French Open Coverage Scores Tennis Channel’s Best-Ever Total-Day Rating

Tennis Channel has bid adieu to the French Open for another year, but it returns to the rest of its expansive schedule with fond Nielsen memories. Now in its ninth year as the primary U.S. rightsholder for the clay-court Grand Slam, the network logged new ratings marks for live and full-tourney coverage, highlighted by its best-ever total-day tally.

Its live tournament coverage notched a 0.72 coverage-area rating, a 33% jump from 2014’s 0.54, translating into 175,000 households in Nielsen’s 56 metered markets, the best in its history from Roland Garros. From a total-day perspective (6 a.m.-3 a.m.), the presentation May 24-June 7 also grew 33%, to a 0.36 from 0.27 last year.

The improvement accords with Chairman/CEO Ken Solomon’s remarks in a recent interview in which he said fans have grown accustomed to the network’s broad coverage from the City of Light and that viewers would be on board from the start of the tourney.

The total-day delivery was boosted by the results of Monday June 1, when Tennis posted a 0.56 coverage-area rating, with the 993,000 unduplicated homes in the metered markets now standing as the greatest household tune-in in the network’s history. The 5½-hour live-coverage window that day featured world No. 1 Serena Williams taking the measure of fellow American Sloane Stephens and the four-set battle between the U.S.’s Jack Sock and nine-time French Open champion Rafael Nadal.

Results also were solid for nightly interview and recap show French Open Tonight, which averaged a 0.41, up 32% from 0.31 the prior year.

“Our French Open ratings validate Tennis Channel’s commitment to broadcasting first-match–through–last-match coverage on TV each year for fans,” says Doug Martz, the network’s SVP, advertising sales. ”With each passing year, more fans of our sport come to see Tennis Channel as the always-on, default channel on their television sets, and the numbers we saw this year in Paris — and really so far in 2015 overall —reflect that trend.”

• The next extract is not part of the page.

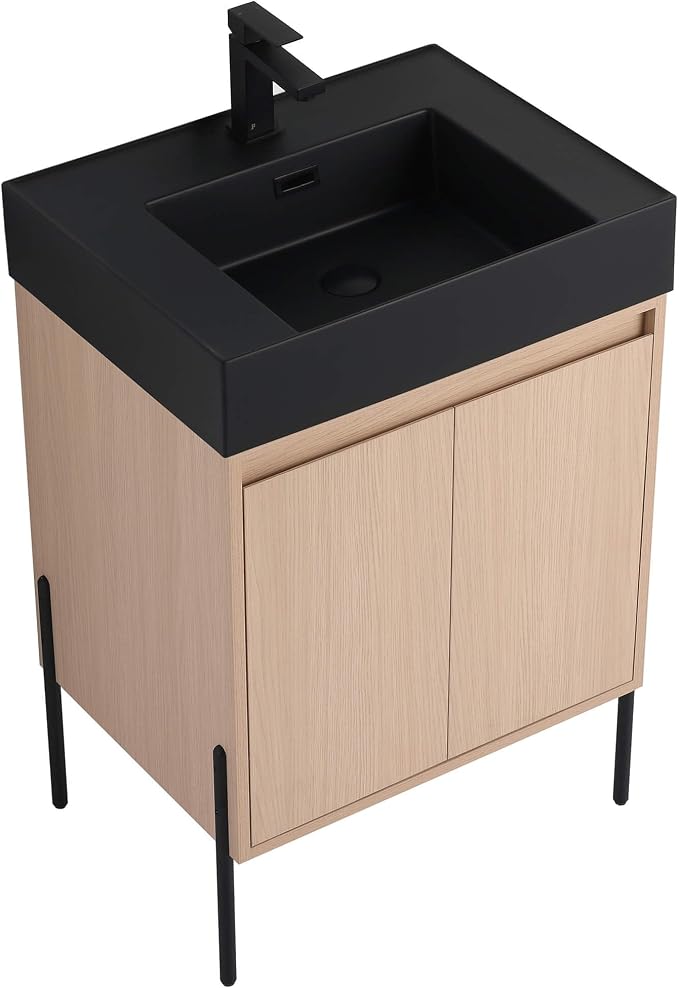 Crownpoint 24 Inch Bathroom Vanity with Sink, Black Sink, White Oak Finish, Full Assembly Required, Elegant Bathroom Vanities for Modern Homes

According to network officials, Tennis Channel has seen a 30% increase in household coverage-area rating, to 0.13, through the first 23 weeks of 2015. Top tourneys have been at the heart of the uptick. The network garnered a 31% rise in household coverage-area ratings, to 0.64, with the year’s first major, the Australian Open, and the so-called fifth slams — the men’s and women’s tournaments from Indian Wells and Miami — averaged 0.43 and 0.37, representing respective gains of 59% and 32% over 2014.